Gut Rumbles

January 24, 2006

is this legit?

PayPal keeps bugging me about my account, even AFTER I changed my password. I received ANOTHER missive from them today, asking me to "confirm" my account. They (or somebody) provide a link to what LOOKS like Paypal, but I have one question.

What the hell do they need with my ATM pin number? (If I fill in my name and password, I go to a page that requires it.) I've NEVER been asked to give THAT number to anybody over the internet. Call me suspicious, but this smells bad to me, even if the page has all the official Paypal logos and shit on it. It LOOKS legit, but...

I'm going to fix this problem once and for all. I seldom use PayPal anyway. I'm going to cancel the account and be done with it.

Have any of you people ever been asked for your ATM pin number by Paypal?


NO! It is not legit. It is a phishing scam. No need to cancel your Paypal account. Just DELETE thew e-mail....or better yet, send to Paypal's fraud dept.

By the way...I'm really proud of you!! If you come to Wilmington with Recondo to pick up his boat, I'll treat you both to dinner.

Posted by: sailingcv on January 24, 2006 10:17 AM

That is some spammer trying to get your password. Papyal never asks you to update your account.

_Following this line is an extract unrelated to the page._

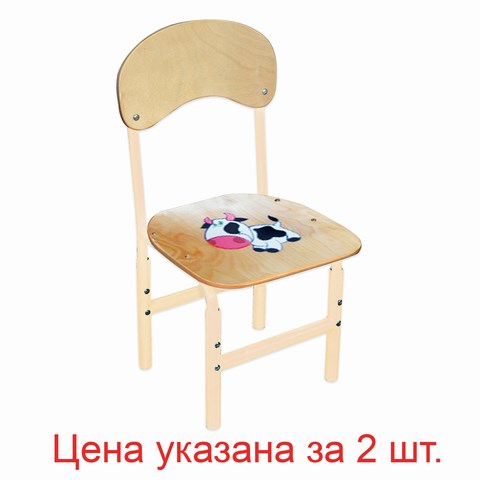 Стулья детские Тёма, комплект 2 шт., регулируемые, рост 1-3 (100-145 см), Корова, фанера/металл, слоновая кость 531607 - фото 304321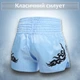 Комплект шорты для тайского бокса и напульсники для муай тай ММА кикбоксинга единоборств мужские женские детские спортивные боксерские для бокса спорта тренировок в зал фитнеса атласные тренировочные с разрезами Wild Hunter сатиновые Голубые 4_4_XL_7С - изображение 3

Posted by: zona on January 24, 2006 10:17 AM

I got an email this past Friday supposedly from paypal asking me to update my credit card info (and it provided a link in the email) I forwarded the entire email to paypal and heard back within 24 hours that it was indeed a phony phishing scam. Paypal advised me never ever to click on a link claiming to be a Paypal link. Always log in from paypals own page. They thanked me for forwarding the phony email.

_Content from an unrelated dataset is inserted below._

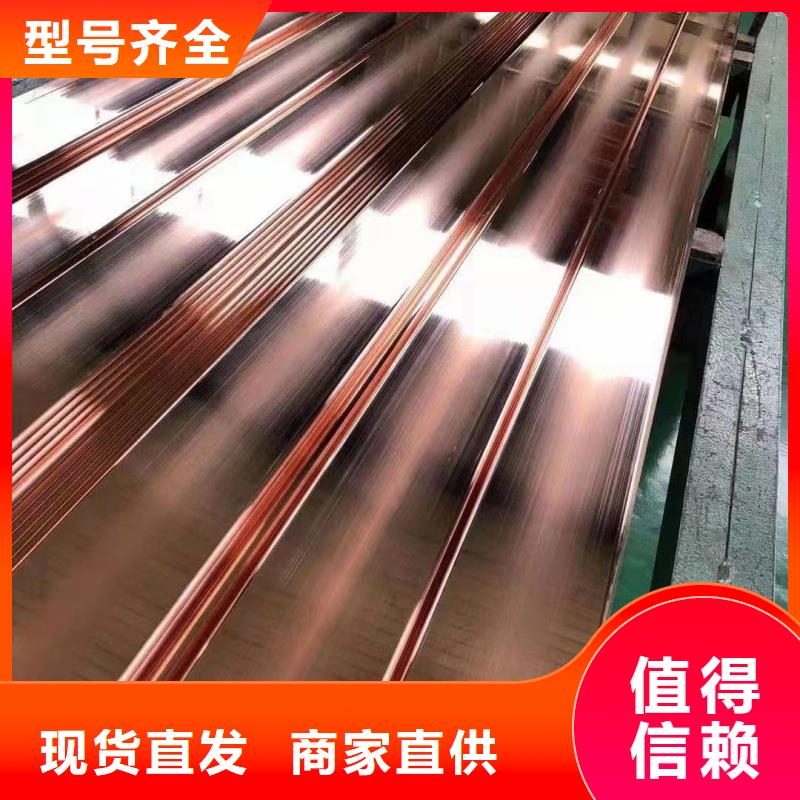 紫铜排大库存无缺货危机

Posted by: Ruth on January 24, 2006 10:21 AM

No it isn't legit that I can see. The domain resolves to an Utah address that doesn't mention Paypal.
Domain Name..........
Creation Date........ 1998-02-02
Registration Date.... 2004-04-04
Expiry Date.......... 2009-02-01
Organisation Name.... Web Services
Organisation Address. 1253 N. Research Way
Organisation Address. Suite
Organisation Address. Orem
Organisation Address. 84097
Organisation Address. UT
Organisation Address. UNITED STATES

Admin Name........... Host Master
Admin Address........ 1253 N. Research Way
Admin Address........ Suite
Admin Address........ Orem
Admin Address........ 84097
Admin Address........ UT
Admin Address........ UNITED STATES
Admin Email..........
Admin Phone.......... 801-437-6000

Might be a good idea to get a new card number in case your account has been compromised.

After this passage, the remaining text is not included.